Só que esmagadoramente as situações expõem o contrário: mães que trilham solitariamente a maternidade não por opção, mas porque quem seria o parceiro na relação com a criança decide se alienar da responsabilidade e para tal inventa mil desculpas ACEITAS pelas pessoas sem muito questionamento. De forma geral, as desculpas tem a ver com responsabilizar a mãe da criança pela alienação paterna. Ah, mas pode ser qualquer outra pessoa ou situação, para estes pais o fato é que não assumem qualquer responsabilidade. Aliás, há aqueles que pagam pensão alimentícia não como participação na sobrevivência d@ filh@, mas como trunfo para se alienarem emocionalmente da vida de quem contribuíram para vir ao mundo.

Em voga a questão da alienação parental, trazida acertamente pela Lei 12318/2010 que a define como a " interferência na formação psicológica da criança ou do adolescente promovida ou induzida por um dos genitores, pelos avós ou pelos que tenham a criança ou adolescente sob a sua autoridade, guarda ou vigilância para que repudie genitor ou que cause prejuízo ao estabelecimento ou à manutenção de vínculos com este. "

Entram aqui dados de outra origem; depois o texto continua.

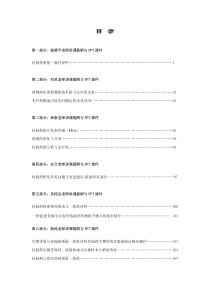 仿制药研发申报、标准提高与质量一致性评价研讨会(上海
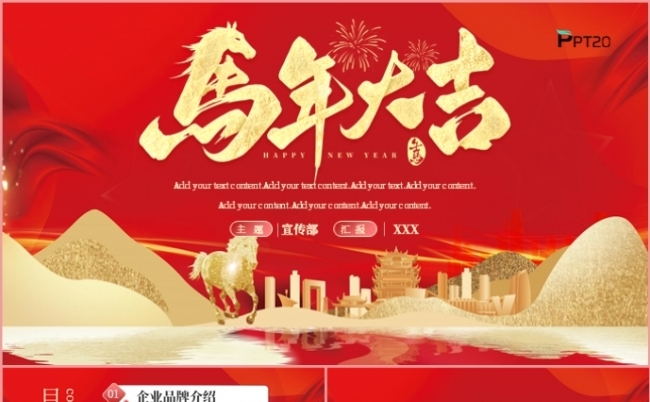2026红色年终总结工作述职报告新年计划汇报PPT模板缩略图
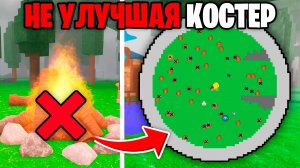 Я Не Могу УЛУЧШИТЬ КОСТЕР Пока Не ОТКРОЮ ВСЮ КАРТУ в 99 НОЧЕЙ в ЛЕСУ! 99 Nights in the Forest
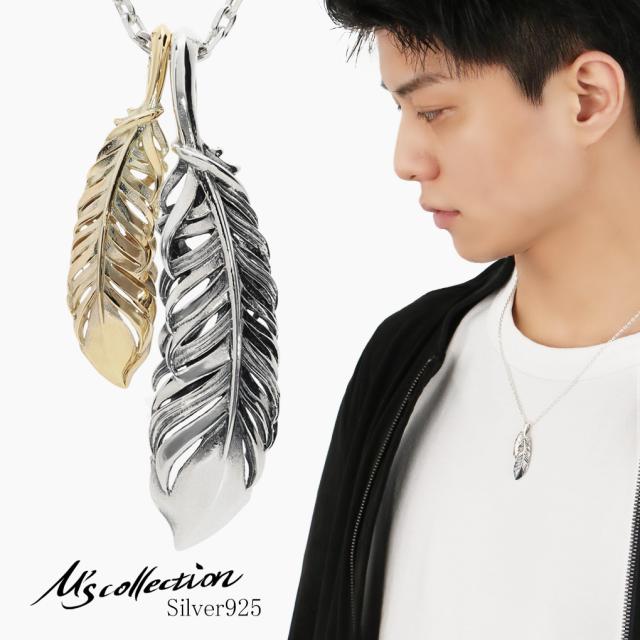エムズコレクション INTELLECTUAL FEATHER ダブル フェザー ネックレス ペンダント ペンダントトップ ペンダントチャーム シルバー 100,100円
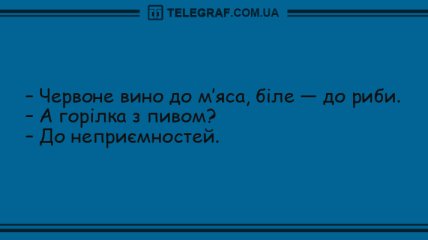 Для вдалого дня: найкращі анекдоти по-українськи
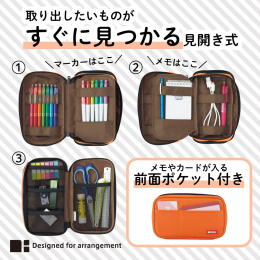 Trousse à crayons Medium dans le groupe Stylos / Accessoires Crayons / Trousses chez Pen Store (137912)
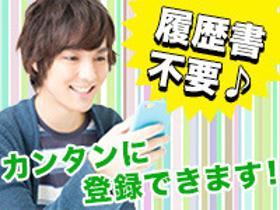 コールセンター・テレオペ(服装、髪型自由 中古車保証サービスの延長案内 交通費あり)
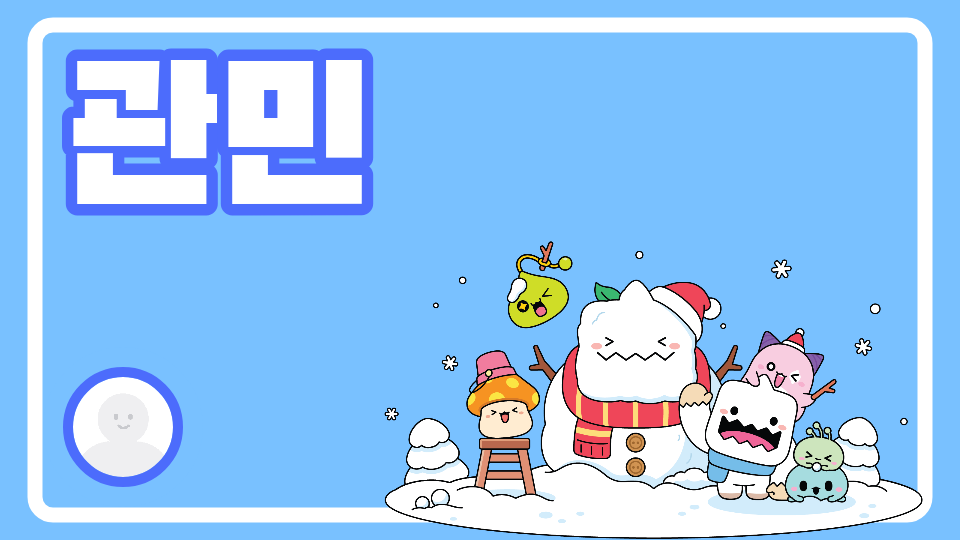 관민이 보다 똑똑하면 깨라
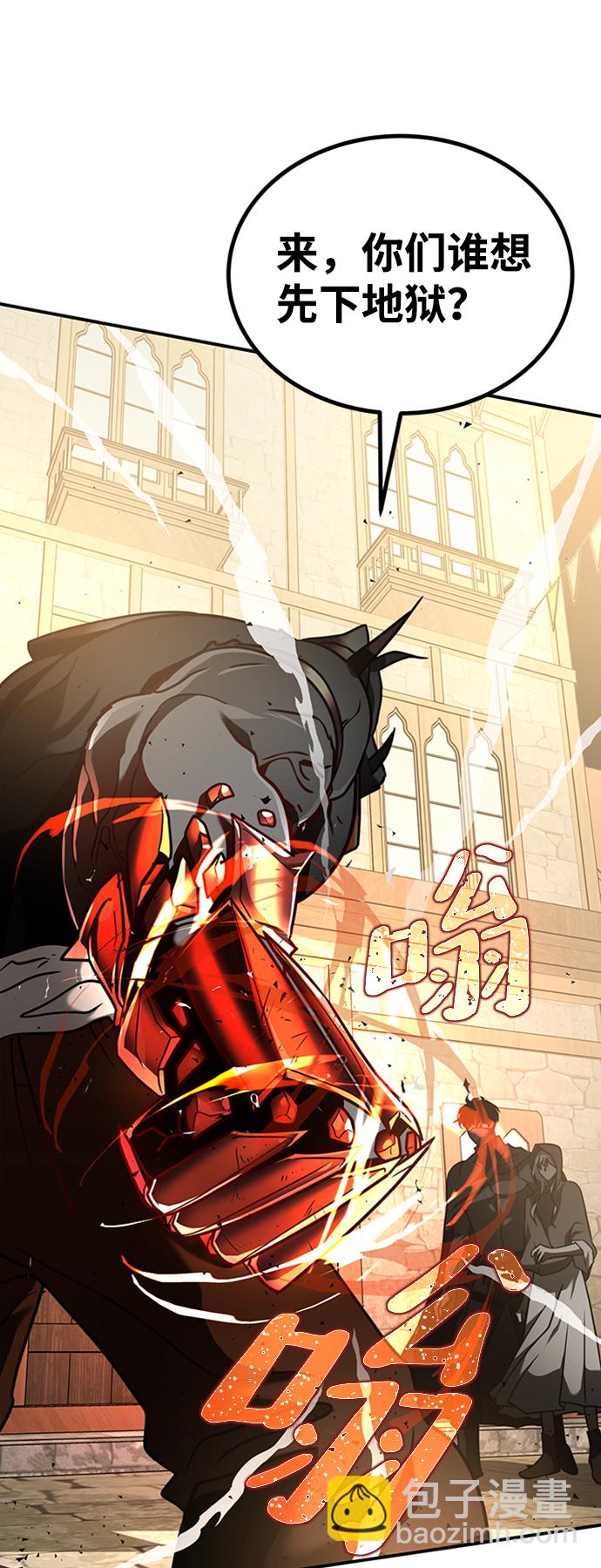 [第3话] 可疑的同伴7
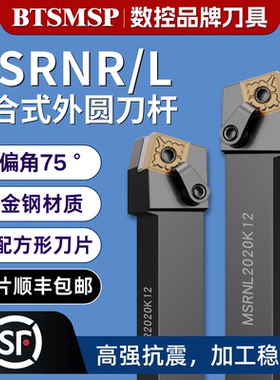 MSRNR2020K12外圆刀杆SNMG1204车刀刀杆75度M型复合式数控刀杆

Não tenho dúvida de que comportamento tão prejudicial às crianças e adolescentes deva ser identificado o mais rápido possível e medidas responsáveis sejam tomadas. A alienação parental existe desde muito tempo e só quem passou por ela e a percebeu pode dizer que se leva a vida toda para cicatrizar as feridas. Só que não encontro na legislação algo que me conforte quanto à omissão paterna (o que aqui reflito a respeito). Pensando nas hipóteses mais graves, ainda não vejo muito sentido nelas, parecem-me que favorecem os homens que não são pais de verdade. Destituir o poder familiar de quem nunca se importou com isso, por exemplo, para quê? Talvez mais para frente ainda o papai diga que não pode participar porque a malvada mãe da criança mentiu para o juiz. E o que se diria à criança para embasar uma ação de destituição do poder familiar? Horrível. Beco sem saída. Criminalizar? Para quê? Ainda que fosse não resolveria a questão da ausência, do alienar-se de forma proposital e não assumida, que tantas vezes dilacera os sentimentos d@s pequen@s.

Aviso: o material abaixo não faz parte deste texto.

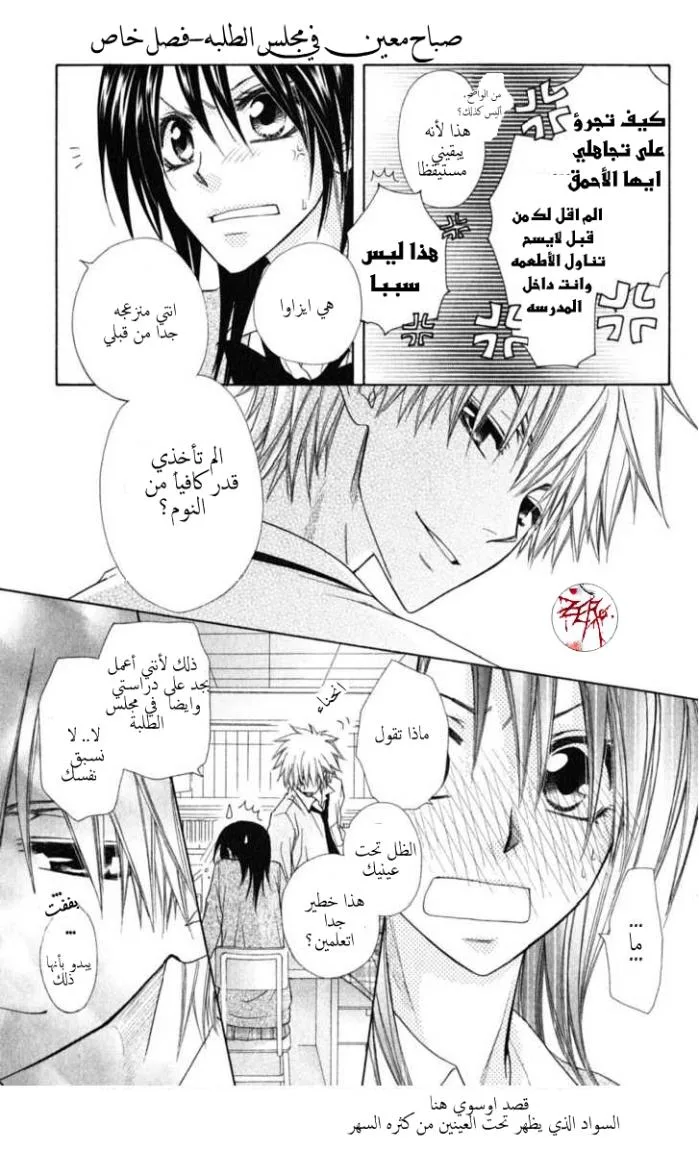 Read Kaichou wa Maid-sama! AR Manga Online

Gostaria mesmo que esses pais fossem obrigados a se matricular em cursos de "como amar uma criança" no qual fossem estimulados a refletir sobre as consequências deste tipo de alienação e terem estágios de convivência com as crianças analisados. Educação forçada tem algum alcance? Não sei, mas algo deve ser tentado e que profissionais da sociedade, ou seja, não de instâncias do Sistema de Justiça, fossem os educadores e educadoras, Penso além, tais profissionais devem beber saberes do feminismo sim, da educação com apego, da criação humanizada. Até para as mulheres que não permitem a convivência entre pai e filh@s o caminho, em minha opinião e se for caso de mágoa, é poder acolher, ouvir e dizer: "certo, você tem razões em sua mágoa, mas vamos pensar outros caminhos para as crianças" e não negar o direito à mágoa ou a inferiorizar, julgar moralmente por isso.

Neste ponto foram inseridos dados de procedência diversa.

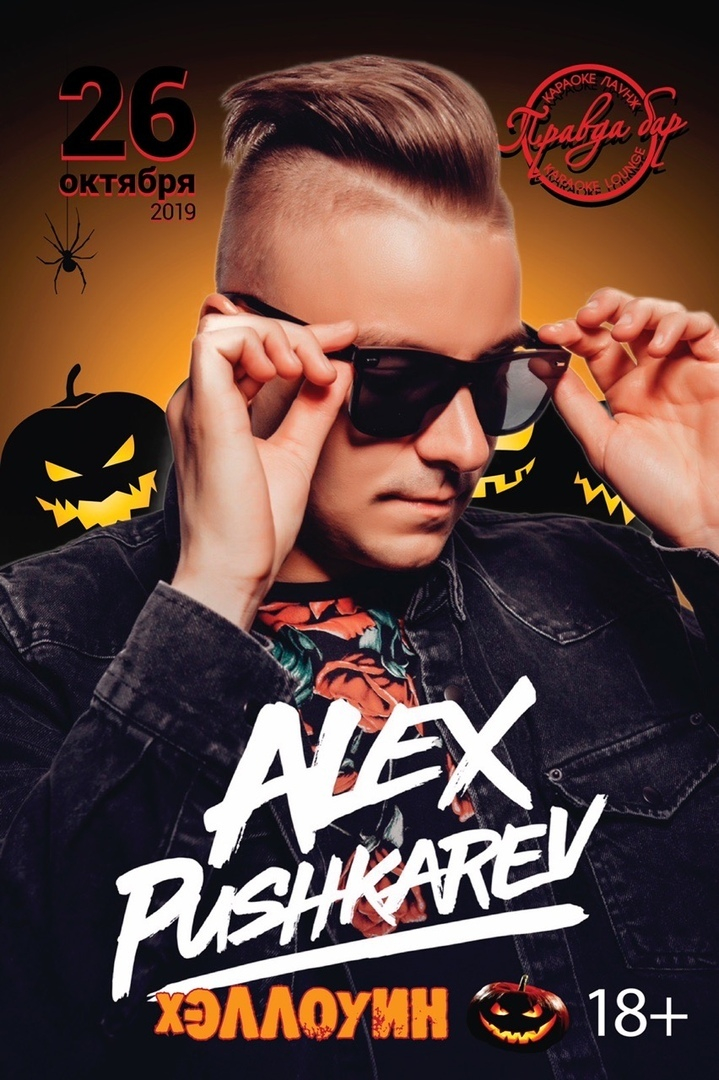 «Жуткая» вечеринка в «Правда баре»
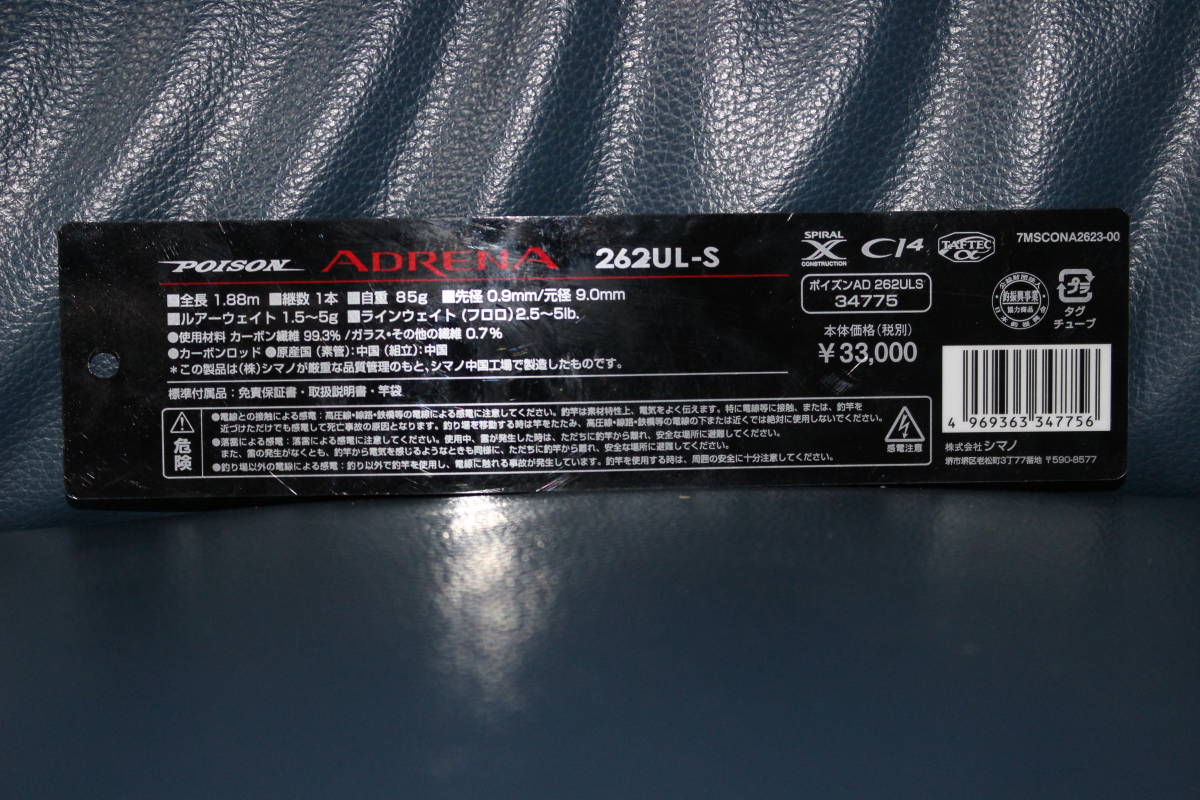ポイズンアドレナ 262UL-S スピニングロッド 1ピース ジャッカル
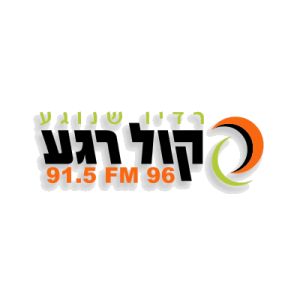 Logo de la station de radio Kol Rega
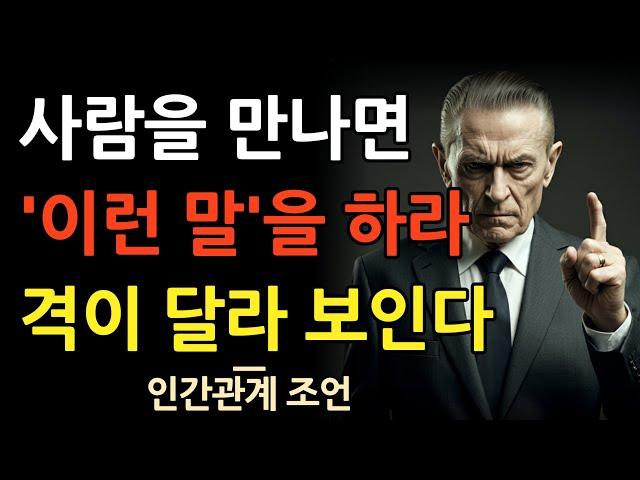 사람을 만나면  이 한마디 만 하라 | 완전 격이 달라보인다 | 마음을 얻는 예쁜말 | 꼭 연습하세요 | 지혜롭고 현명한 인간관계 조언 | 인생 명언 | 마음 | 행복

Recentemente ouvi dois relatos sobre pais que pagam bem irregularmente a pensão alimentícia e que ainda assim ingressaram com ação de regularização de visita com o argumento óbvio de que são impedidos pela mãe das crianças de ter contato, apresentando-se como pai exemplares, entristecidos pelo distanciamento forçado e tal. Nos dois casos me chamou atenção o fato de que as mulheres ao tentarem argumentar que não eram contra a convivência e sim sobre a forma pela qual o pai queria, desrespeitando o período de amamentação, inclusive, ouviram frases como "ele tem razão. Nós (judiciário) estamos cheios de casos de crianças que os pais desapareceram. Este aqui quer estar com @s filh@s e se você os ama tem que agradecer". E a vida segue. Nada aprofundado. O machismo agradece.

Acredito, todavia, nas mudanças trazidas pela luta diária. Prefiro imagens de mulheres guerreiras que abrem caminhos, ainda que dele não possam desfrutar a tempo, à imagem da Justiça Cega. 

E essa pequena reflexão-desabafo de hoje trás à minha lembrança o verso do poema Consolo na praia, de Carlos Drummond de Andrade:

"a injustiça não se resolve
 a sombra do mundo errado
 murmuraste um protesto tímido, mas virão outros".